Learning to code doesn’t mean you have to become a full-time programmer. But it gives you deeper intuition into how software works. It helps you develop process-driven and rules-based thinking that is increasingly important in the design of digital marketing programs. It prepares you to better collaborate with technical people, because you can speak a bit of their language and appreciate their worldview.
Step Two: Experimenting
The second step is to experiment with more marketing software hands-on. The best way to learn is by doing. Of course, you probably don’t want to tinker with your company’s real marketing—at least not while you’re getting started. Instead, you want a “sandbox” environment, either an intranet environment inside your company or even a personal website that you run outside the office.
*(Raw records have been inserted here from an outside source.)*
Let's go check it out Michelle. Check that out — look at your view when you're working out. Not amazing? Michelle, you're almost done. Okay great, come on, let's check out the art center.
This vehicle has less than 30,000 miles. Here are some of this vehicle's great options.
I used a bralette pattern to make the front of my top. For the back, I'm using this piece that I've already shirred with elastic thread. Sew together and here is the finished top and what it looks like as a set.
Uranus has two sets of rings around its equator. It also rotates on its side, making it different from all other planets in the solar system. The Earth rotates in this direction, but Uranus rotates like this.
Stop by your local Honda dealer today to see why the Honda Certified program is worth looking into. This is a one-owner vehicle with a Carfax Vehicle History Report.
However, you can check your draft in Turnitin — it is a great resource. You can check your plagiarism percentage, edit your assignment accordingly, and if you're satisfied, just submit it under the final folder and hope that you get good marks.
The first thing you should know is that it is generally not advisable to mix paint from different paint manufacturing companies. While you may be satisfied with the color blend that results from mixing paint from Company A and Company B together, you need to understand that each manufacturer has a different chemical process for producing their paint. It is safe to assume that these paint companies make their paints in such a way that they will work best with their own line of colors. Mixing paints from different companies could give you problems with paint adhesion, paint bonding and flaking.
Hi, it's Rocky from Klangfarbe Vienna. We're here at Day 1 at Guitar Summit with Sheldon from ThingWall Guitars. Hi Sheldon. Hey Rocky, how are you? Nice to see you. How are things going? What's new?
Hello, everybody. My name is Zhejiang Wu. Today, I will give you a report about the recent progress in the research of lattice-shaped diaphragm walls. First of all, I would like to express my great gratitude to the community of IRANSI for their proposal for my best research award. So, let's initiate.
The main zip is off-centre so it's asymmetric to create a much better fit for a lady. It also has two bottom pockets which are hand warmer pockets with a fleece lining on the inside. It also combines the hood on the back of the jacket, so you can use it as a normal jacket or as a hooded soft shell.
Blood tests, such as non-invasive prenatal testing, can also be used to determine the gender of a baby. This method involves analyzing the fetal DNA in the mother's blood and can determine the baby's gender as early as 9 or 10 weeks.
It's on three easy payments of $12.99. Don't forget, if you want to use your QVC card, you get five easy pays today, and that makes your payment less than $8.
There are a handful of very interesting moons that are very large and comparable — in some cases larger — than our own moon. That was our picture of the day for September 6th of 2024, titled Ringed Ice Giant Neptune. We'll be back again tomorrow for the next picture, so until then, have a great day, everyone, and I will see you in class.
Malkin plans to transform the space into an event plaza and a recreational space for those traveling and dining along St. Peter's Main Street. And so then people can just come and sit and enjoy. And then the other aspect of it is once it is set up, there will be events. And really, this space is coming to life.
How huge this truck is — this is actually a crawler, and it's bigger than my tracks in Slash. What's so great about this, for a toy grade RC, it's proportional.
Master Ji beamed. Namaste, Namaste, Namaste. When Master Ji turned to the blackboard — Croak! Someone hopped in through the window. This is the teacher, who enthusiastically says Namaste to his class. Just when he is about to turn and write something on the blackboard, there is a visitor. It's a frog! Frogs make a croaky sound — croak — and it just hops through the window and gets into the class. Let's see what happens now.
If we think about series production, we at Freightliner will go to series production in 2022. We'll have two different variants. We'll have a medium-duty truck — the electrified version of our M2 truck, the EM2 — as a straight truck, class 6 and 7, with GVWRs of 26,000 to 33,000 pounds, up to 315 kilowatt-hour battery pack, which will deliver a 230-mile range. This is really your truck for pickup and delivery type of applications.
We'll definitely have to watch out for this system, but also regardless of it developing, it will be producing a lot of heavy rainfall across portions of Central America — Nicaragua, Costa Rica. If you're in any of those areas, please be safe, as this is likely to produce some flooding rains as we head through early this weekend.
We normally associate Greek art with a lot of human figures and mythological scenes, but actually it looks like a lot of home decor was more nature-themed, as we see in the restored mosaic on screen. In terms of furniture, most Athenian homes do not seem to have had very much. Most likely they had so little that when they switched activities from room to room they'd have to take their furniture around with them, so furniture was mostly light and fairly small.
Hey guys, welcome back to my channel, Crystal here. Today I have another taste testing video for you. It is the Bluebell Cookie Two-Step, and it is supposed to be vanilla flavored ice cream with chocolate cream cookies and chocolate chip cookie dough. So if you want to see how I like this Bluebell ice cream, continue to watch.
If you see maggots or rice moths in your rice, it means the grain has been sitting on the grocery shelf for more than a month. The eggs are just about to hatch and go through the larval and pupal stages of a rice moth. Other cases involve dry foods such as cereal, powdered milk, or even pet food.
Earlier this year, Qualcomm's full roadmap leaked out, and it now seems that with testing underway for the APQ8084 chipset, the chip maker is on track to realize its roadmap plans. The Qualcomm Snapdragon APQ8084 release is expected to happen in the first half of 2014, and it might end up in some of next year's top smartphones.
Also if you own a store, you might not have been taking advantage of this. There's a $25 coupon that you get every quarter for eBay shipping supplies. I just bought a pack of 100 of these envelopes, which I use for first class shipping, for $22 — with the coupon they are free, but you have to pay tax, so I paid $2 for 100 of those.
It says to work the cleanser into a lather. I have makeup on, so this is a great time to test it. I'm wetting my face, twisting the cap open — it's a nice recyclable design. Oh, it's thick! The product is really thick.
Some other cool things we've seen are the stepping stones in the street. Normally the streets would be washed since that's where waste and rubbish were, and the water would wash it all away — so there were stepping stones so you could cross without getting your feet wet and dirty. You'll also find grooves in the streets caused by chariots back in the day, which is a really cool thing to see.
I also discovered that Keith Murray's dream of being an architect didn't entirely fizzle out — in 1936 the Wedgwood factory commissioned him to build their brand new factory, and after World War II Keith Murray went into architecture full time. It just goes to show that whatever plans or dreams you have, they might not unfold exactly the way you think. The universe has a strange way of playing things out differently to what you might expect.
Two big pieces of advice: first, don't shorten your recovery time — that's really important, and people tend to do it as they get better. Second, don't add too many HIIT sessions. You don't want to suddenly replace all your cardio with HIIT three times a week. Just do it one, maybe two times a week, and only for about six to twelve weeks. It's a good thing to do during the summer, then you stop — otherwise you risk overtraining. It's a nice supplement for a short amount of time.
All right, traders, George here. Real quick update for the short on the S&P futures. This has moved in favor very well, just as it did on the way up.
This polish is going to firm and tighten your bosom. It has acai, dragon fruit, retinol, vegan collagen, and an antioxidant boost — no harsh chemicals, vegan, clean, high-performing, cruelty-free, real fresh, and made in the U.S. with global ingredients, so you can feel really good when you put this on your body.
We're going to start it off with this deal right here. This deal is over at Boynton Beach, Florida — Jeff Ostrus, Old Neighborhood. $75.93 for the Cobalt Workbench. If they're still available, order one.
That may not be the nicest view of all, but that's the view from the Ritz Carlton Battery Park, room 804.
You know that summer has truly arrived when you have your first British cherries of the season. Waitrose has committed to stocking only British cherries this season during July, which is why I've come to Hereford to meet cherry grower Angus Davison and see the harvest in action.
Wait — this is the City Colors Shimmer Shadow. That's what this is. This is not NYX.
With your sandbox, you can try out the many free—or at least free trial—marketing software packages out there. To get a sense of what’s available, click here for the “marketing technology landscape supergraphic” that I put together earlier this year or see the figure below for a small taste of what that infographic offers.
As you gain more hands-on experience with these marketing technologies, you’ll be surprised at how quickly it will expand your worldview of what is possible in modern marketing.